この流れを繰り返して対戦を行うのだが、召喚酔いがないことと、虫が戦闘によって破壊されても縄張りが減っていくため、ゲームの展開がかなり早い。もともとデッキが20枚しかなく、そこから最初に縄張り6枚、手札4枚を引くので、山札は10枚スタートである。普通にプレイしていても10ターン後には山札がなくなってしまうわけだが、スターターセットのデッキで対戦を繰り返して見たところ、山札が切れる前に決着がつくことが多い。いわゆるチャンプブロックのようなことはできないので、例えば、相手の場に体力1000、技の攻撃力300の虫が見えているなら、こちらの場に何も虫がいない場合でも、攻撃力400、体力200といった虫を出しても、相手の虫をこのターンで破壊できず、返しのターンに破壊されるため、虫を出す意味がほとんどない。あえて虫を出さずに攻撃を受けて手札を増やし、その次のターンに2匹虫を出して、強い虫を破壊するプランを選ぶほうが結果として勝ちにつながることも多そうだ。また、属性の相性も重要だ。一時的に虫の属性を自由に変更する術カードなどもあるので、相手の裏をかくこともできる。

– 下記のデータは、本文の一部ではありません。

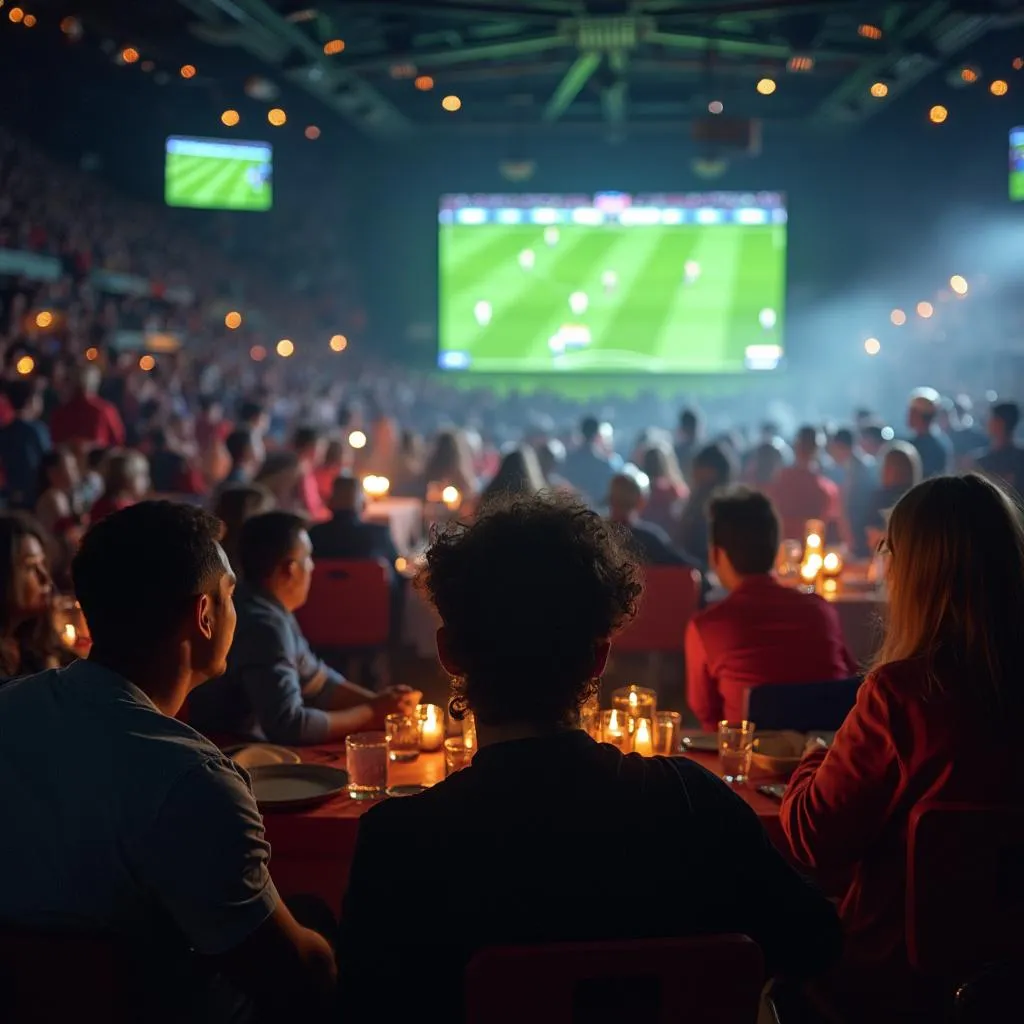 Encuentro de fanáticos viendo partido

娘や息子はかなりのTCGオタクで、特に娘はこれまで10種類以上のTCGをプレイしてきているが、娘にも「蟲神器」は好評であった。スターターセットのデッキだけでも楽しめるが、ブースターパックでデッキを強化したり、一からオリジナルデッキを作れば、もっと楽しいだろう。
よくできたTCGであり、虫に抵抗がない人にはおすすめ
「蟲神器」は、ダイソーが初めて発売したTCGだが、ルールがわかりやすく、サクサク遊べる完成度の高いTCGだ。スターターセットとブースターパックをあわせるとカードプールは130種類になるので、さまざまなデッキを構築できそうだ。また、大創出版の公式ページには、Q&Aが多数掲載されており、Twitterでのルールサポートも行われているなど、サポート体制もしっかりしている。
すでにダイソーの予想以上の反響があるようで、非公認大会を開催するショップや、シングルを高価で買い取りしているショップもある。ブースターパックには第1弾という文字は書かれていていないので、第2弾以降の発売は想定されていないのかもしれないが、このまま盛り上がっていけば、続編が発売される可能性もあるだろう。
「蟲神器」は、関西地方や中部地方から出荷が始まり、関東地方ではようやく11月15日あたりから出回り始めたようだ。すでに倉庫からなくなったという話もあるようだが、追加生産もなされるはずなので、もう少し待てば、全国で買えるようになるだろう。何より値段が安いので、TCGに触れたことがないという人も、気軽に手を出せるだろう。カードのイラストがリアルな虫のイラストであり、虫が嫌いな人にはおすすめしにくいが、虫に抵抗がない人なら是非プレイしてみて欲しい。虫が好きな小学生へのちょっとしたプレゼントとしても喜ばれそうだ。
ダイソーの製品という性格上、カードショップで販売されているわけではないので、公式大会や公認大会を開くのは難しいかもしれないが、そうしたイベントの開催も期待したい。